[OUTLOOK]Tie still more yellow ribbonsI proposed last week, through this very same column space, a campaign to hang yellow handkerchiefs or ribbons on trees, to show support for families of abducted South Koreans detained in North Korea in their demands to bring back their loved ones. Since then, some Christian groups have told me they were starting campaigns and some people presented such specific campaign themes as lining the Freedom Road that leads to Imjin Pavilion near the demilitarized zone with yellow ribbons, or launching a campaign of adorning our chests and cars with them.
In that previous article, I mentioned a total of 1,030 abducted South Koreans currently being detained in North Korea. A group of 484 of them are post-Korean War abductees while 546 were prisoners of war. But I had left out another crucial group, I realized, when a former reporter of the JoongAng Ilbo and a senior of mine asked why I had not mentioned those abducted during the three-year war.
At first, I wondered to what extent a society should be held accountable for wrongs committed during a wartime era. But after learning of the pains of families whose loved ones were taken during the time of war, I realized the mistake I had made.
Fifty-five years later, the pain these families feel is still raw. It’s a pain aggravated by a mix of rancor against North Korea for taking their loved ones and bitterness toward the South Korean government for doing nothing about it. For these families who seek information on or, in some cases, the remains of their loved ones, the Korean War goes on.
The person who pointed out my mistake comes from one such family. His father, Lee Gil-yong, was a sports reporter for the domestic daily, Dong-a Ilbo, and was involved with erasing the Japanese flag from athlete Son Ki-jung’s uniform when he won the marathon at the 1938 Berlin Summer Olympiad while running in a Japanese uniform.
Mr. Lee was arrested by the colonial Japanese authorities and fired from his job. He was later reinstated when Korea was liberated, and went on to write a history of Korean sports for what is now the Korea Sports Council and Korean Olympic Committee.
When war broke out and the North Korean forces captured Seoul, he was whisked away from near his home in Seongbuk-dong on July 17. He has never returned. If he remains alive, he would be 106 years old, as he was 51 years of age when taken away. The last and latest news about Mr. Lee was from the late Hwang Shin-deok ― an abductee who fled North Korea after forcibly being taken to Pyongyang. “I arrived in the North, but I did not see Lee Gil-yong, who was taken away at the same time as me,” he said.

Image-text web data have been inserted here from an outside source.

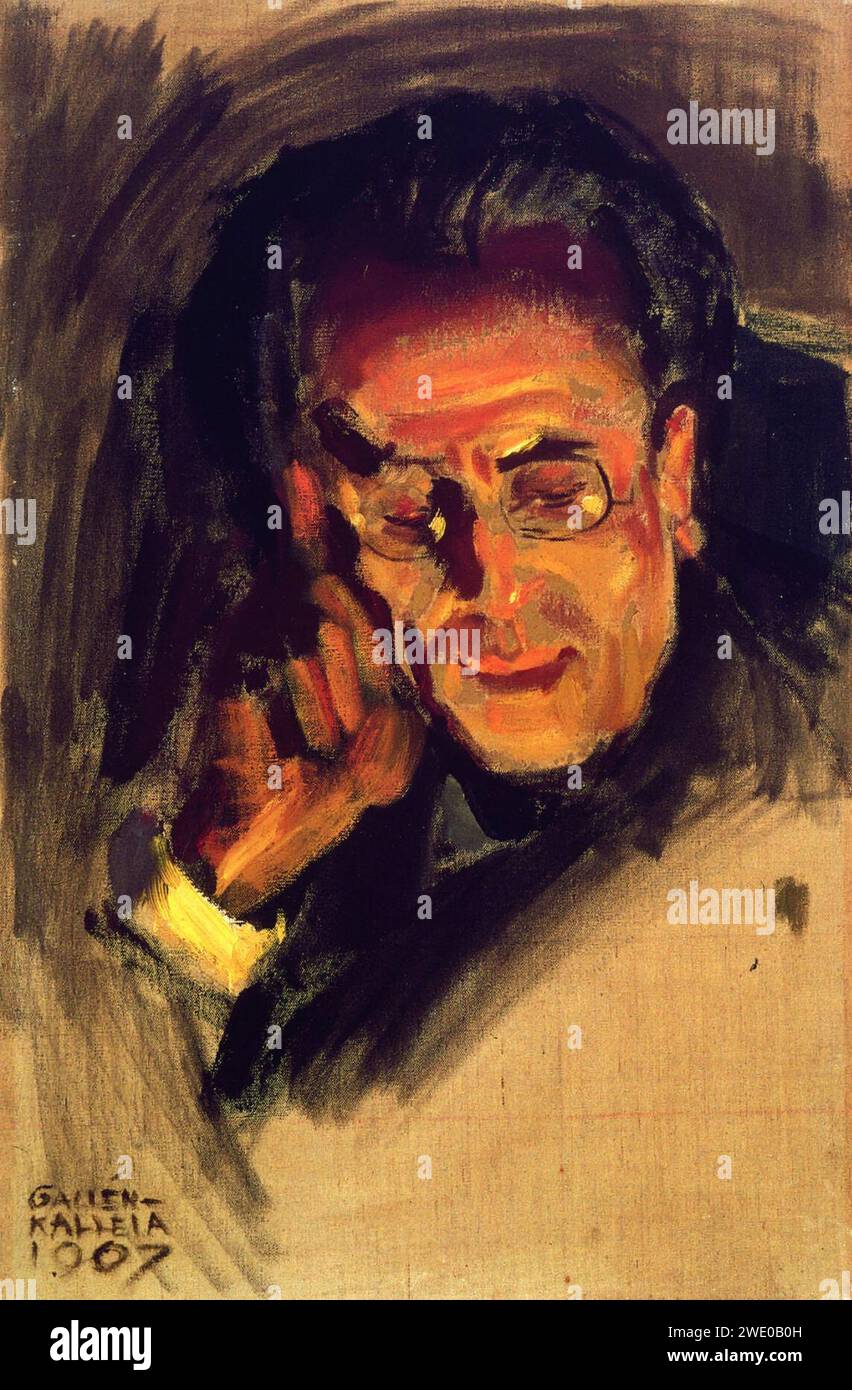 Akseli Gallen-Kallela - Portrait de Gustav Mahler - Fondation des Beaux-Arts Gösta Serlachius. Banque D'Images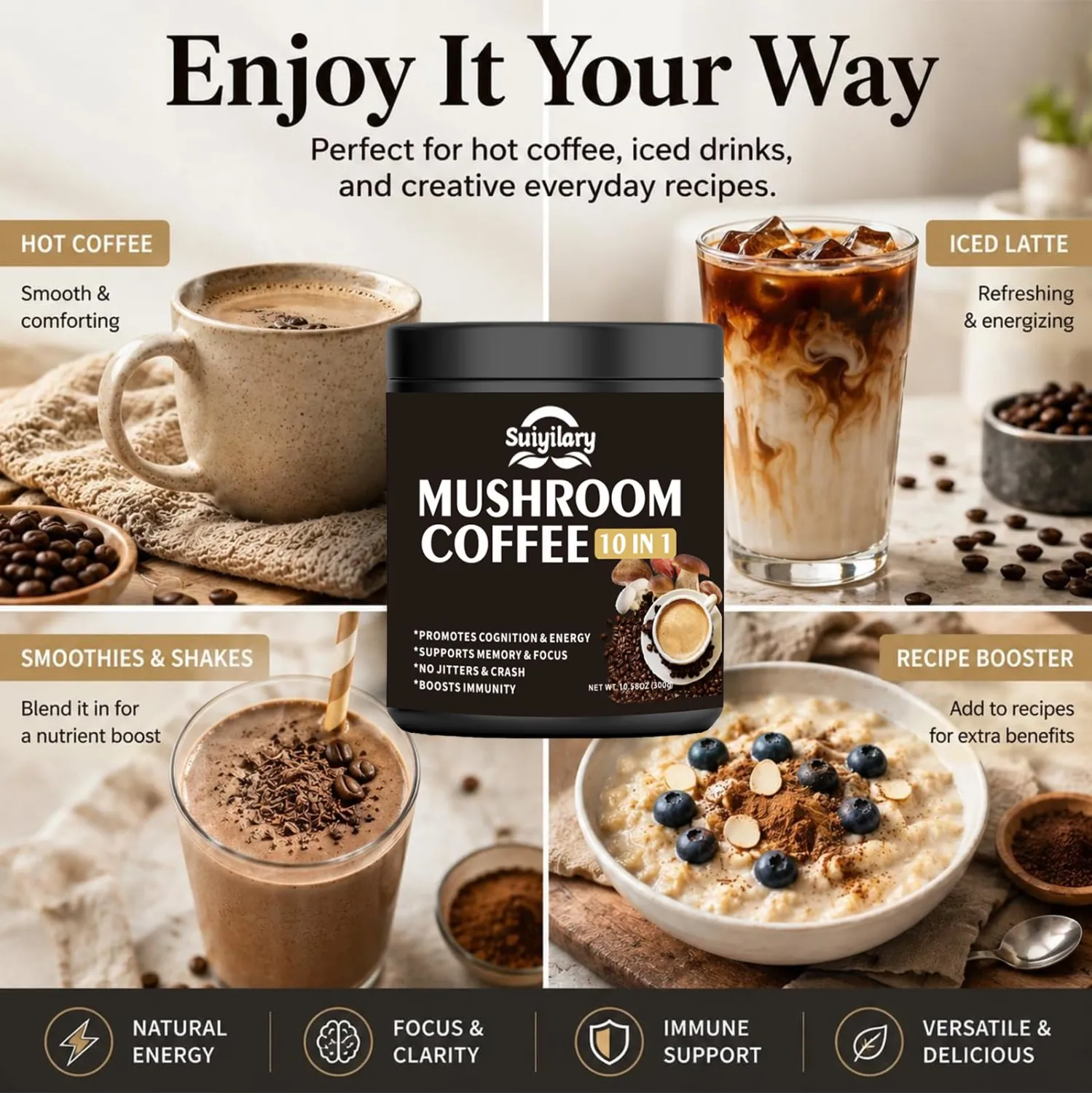 Suiyilary Mushroom Coffee, 10 Mushroom Extract Powder Blend Lion's Mane, Reishi, Chaga, Cordyceps, Turkey Tail, Brain Supplements with Instant Coffee for Energy, Focus, Memory and Immunity 300g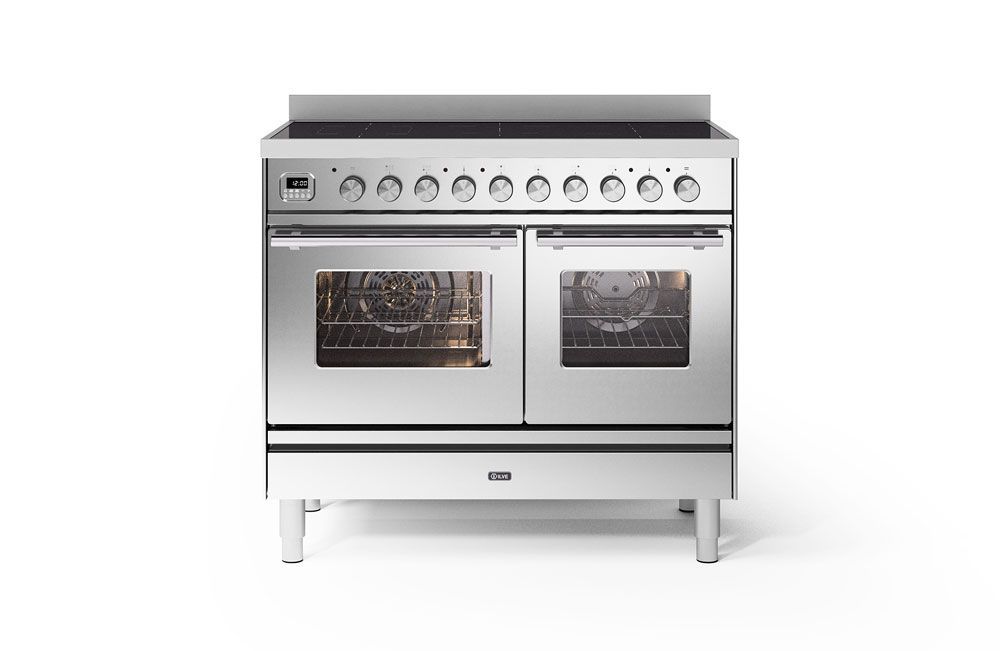 ILVE Roma 100cm Induction Double Oven Range Cooker - PDI106WE3, Colour: Stainless Steel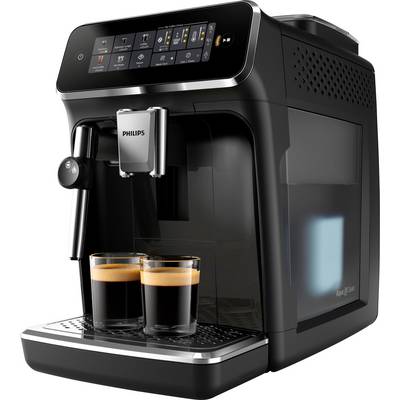 Een zwarte Philips espressomachine met een touchscreen-interface maakt twee kopjes koffie, waarbij stoom oprijst van de dranken.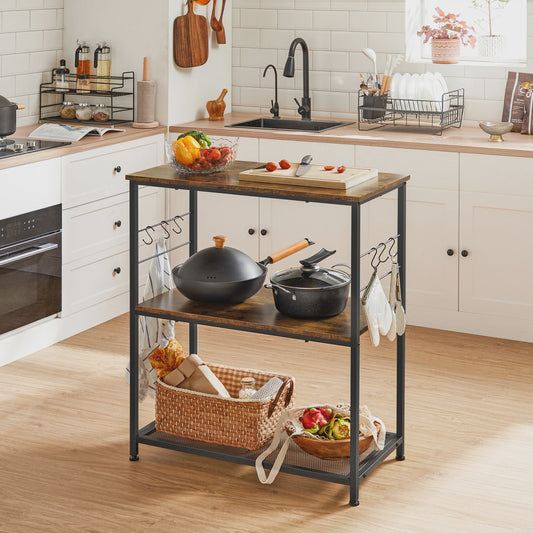 VASAGLE Keukenrek met 3 etages, 6 haken en 2 legborden - 80x40x90 cm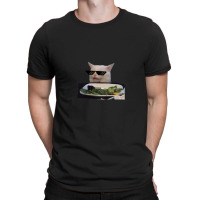 Lady Yelling At Cat Meme With Glasses Reaction Sticker 1.png T-shirt | Artistshot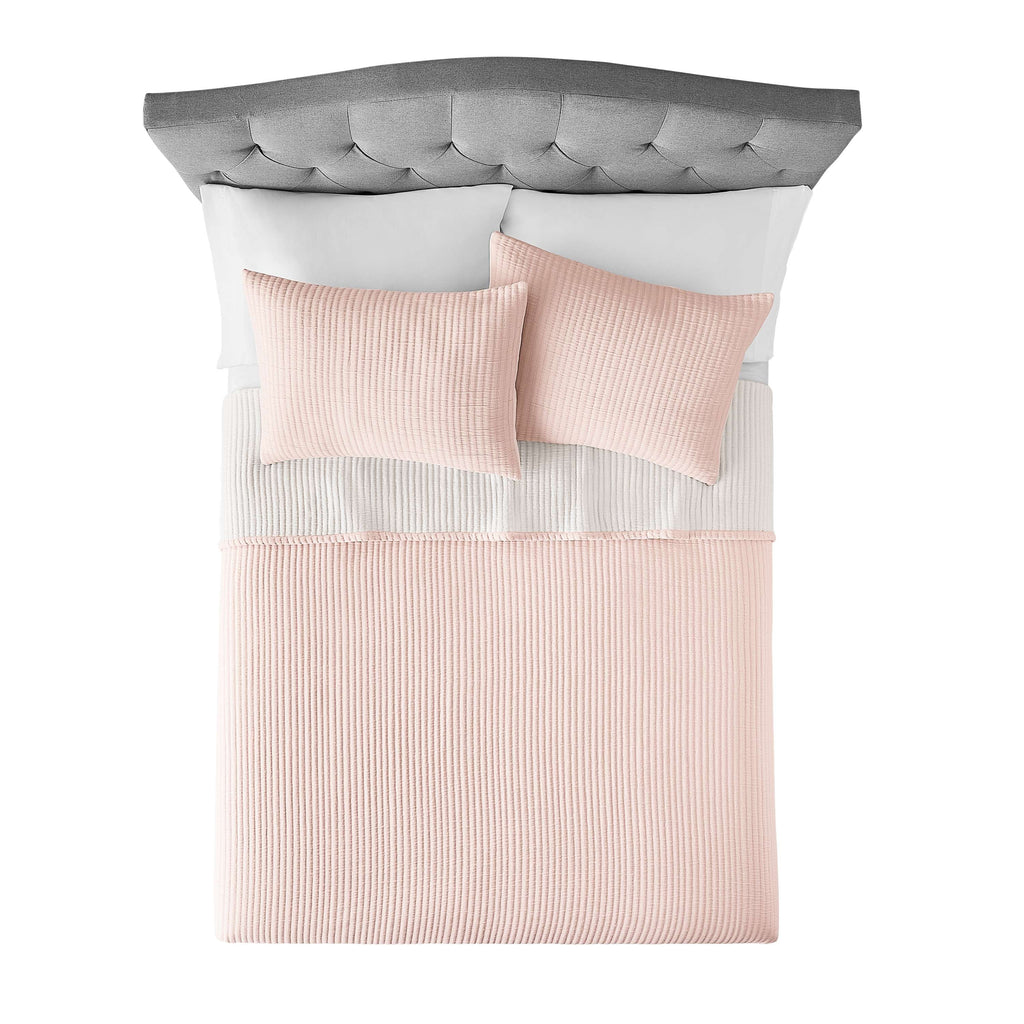 Velmora™ Full/Queen Quilt - Blush Pink Matelasse, Cotton-Rich, Reversible Bedding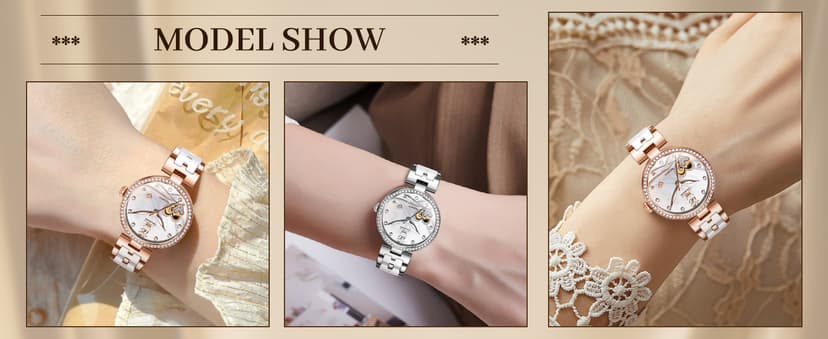 OLEVS Womens Watches Automatic Luxury Dress Ladies Watch Ceramic Strap Rose Gold Self Winding Female Wrist Watch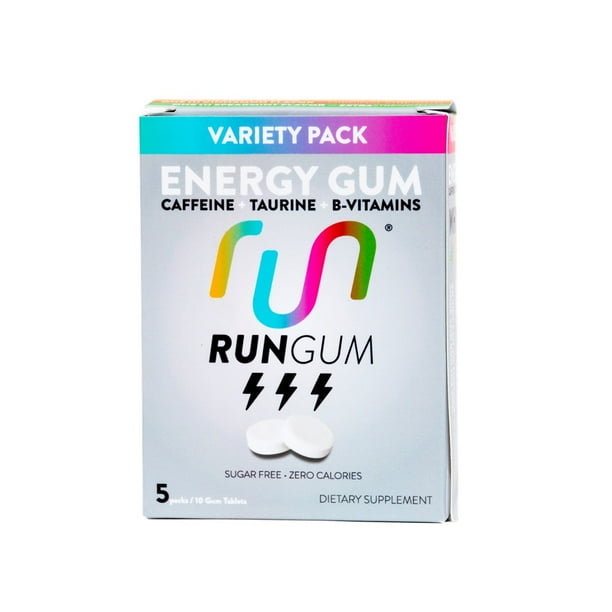 RUN GUM Variety Pack Energy Gum 50mg Caffeine Taurine & BVitamins per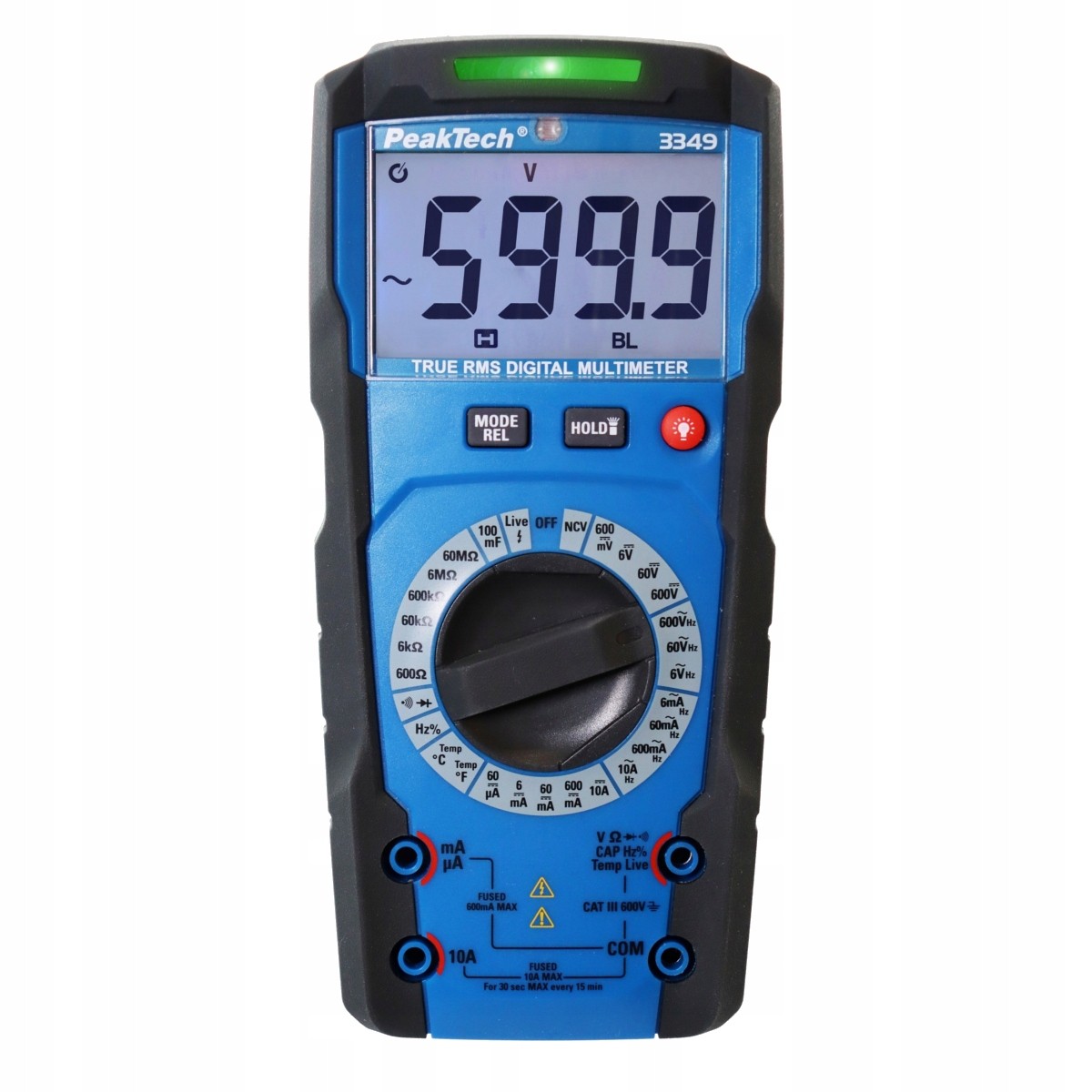 Peaktech P 3349 - Multimètre Numérique Trms 6.000 Points, Courant Et Tension Ac/dc, Résistance, Capacité Et Continuité, 600v 1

Lee Tae-yong, then a 10-year-old and now 65, remembers his father as a young man, a younger man than he himself is. “We never knew why they took him away. He probably has passed away. We don’t ask for anything; even our hate is gone. All we want is to have his remains returned so we can remember him through a family ritual,” the son, who went on to become a famous sports journalist himself, said.
Tens of thousands of South Koreans are estimated to have been abducted by North Korean authorities during the war. The South Korean government does not have an exact tally nor any idea what became of them afterwards. The families are devastated because the government “does not even bother to find out.” After combing and searching through libraries and old bookstores on their own, the families have unearthed several documents. In a government document published in October 1953, the number of those abducted during the Korean War was estimated at some 80,000, a figure that excluded the dead and the missing. In another government document published by what is now the Ministry of Government Affairs and Home Administration, a total of 17,940 are listed as having been taken to the North. The book “Journalists who failed to come back,” published by the Korean Journalists Club, details the roll-call of 226 journalists who were abducted during the war, the perilous atmosphere at the time of their abduction and the sorrow and anxiety that the families left behind suffer.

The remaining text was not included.